Sfide enormi, che necessitano di una loro consapevolezza e, insieme, di una capacità politica in grado di mettere almeno insieme quanto vi è 'fuori dal quadro di desolante non governo' della Regione (provando a capire i perimetri che segnano oggi maggioranza e opposizione). I segnali che giungono dal livello nazionale non sembrano essere incoraggianti: continuano a permanere le distanze che la campagna elettorale ha prodotto all'interno di quello che vorremmo poter chiamare ancora 'campo progressista', e che solo la percezione della urgenza potrebbe forse restituire – ancora una volta a tutte e tutti – il senno per provare ad accorciare le distanze e a mettere in campo una proposta utile: una coalizione politica e sociale capace di articolare un nuovo discorso pubblico per le lucane e i lucani.

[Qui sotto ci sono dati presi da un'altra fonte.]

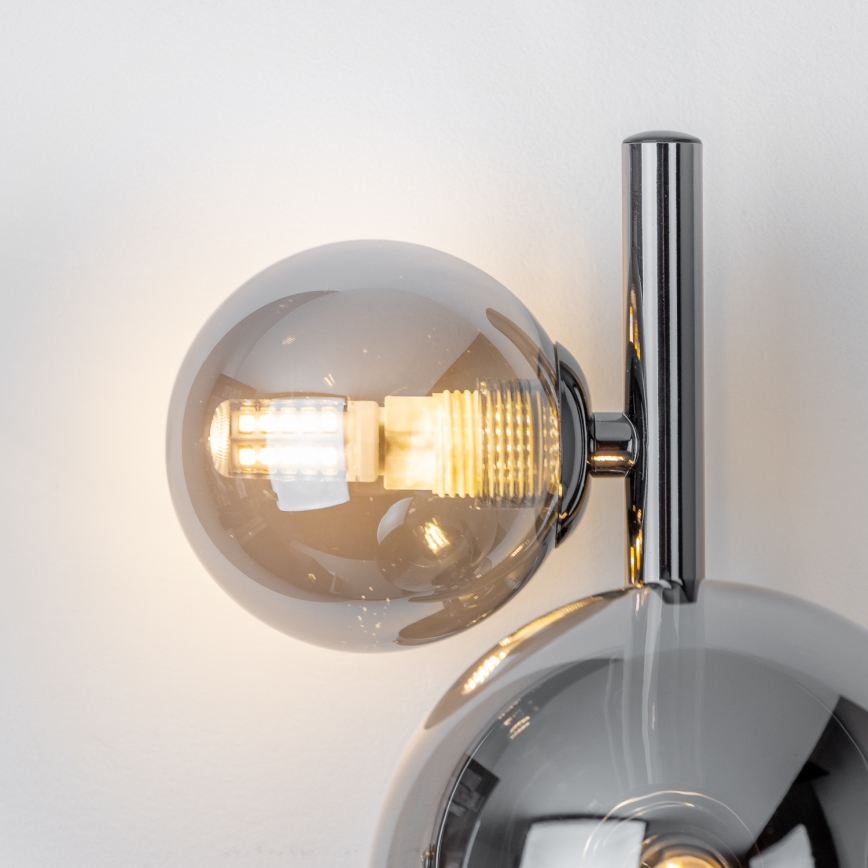 Brilagi - Aplique de pared LED MILLA 3xG9/3W/230V negro cromado/ahumado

Consapevoli della irreplicabilità 'tal quale' di quella che fu la stagione del primo decennio dei centro sinistra lucani – nel frattempo troppe metamorfosi sono sopraggiunte: si sono modificata le strutture sociali, economiche e politiche, e stanno emergendo altri protagonisti sulla scena e all'interno dello stesso campo progressista – oggi forse sarebbe comunque utile attingere dallo spirito che la determinò.

Si recuperi quella che sopra abbiamo definito 'funzione' della politica nella complementarietà dei ruoli; si aprano spazi e luoghi in cui far crescere e maturare una nuova e più giovane classe dirigente che non  funga da rottamatrice, ma porti all'interno della discussione quella novità e quella freschezza della proposta della quale abbiamo bisogno come l'aria. Senza voler forzare il dibattito che ognuna delle forze politiche più o meno organizzate sta conducendo al proprio interno, si aprano le porte di quei dibattiti ai pezzi di società, ai conflitti, ai movimenti, alle associazioni, perché è solo attraverso la discussione con le persone che compongono la società reale che sarà possibile ricucire le fratture prodottesi in questi anni.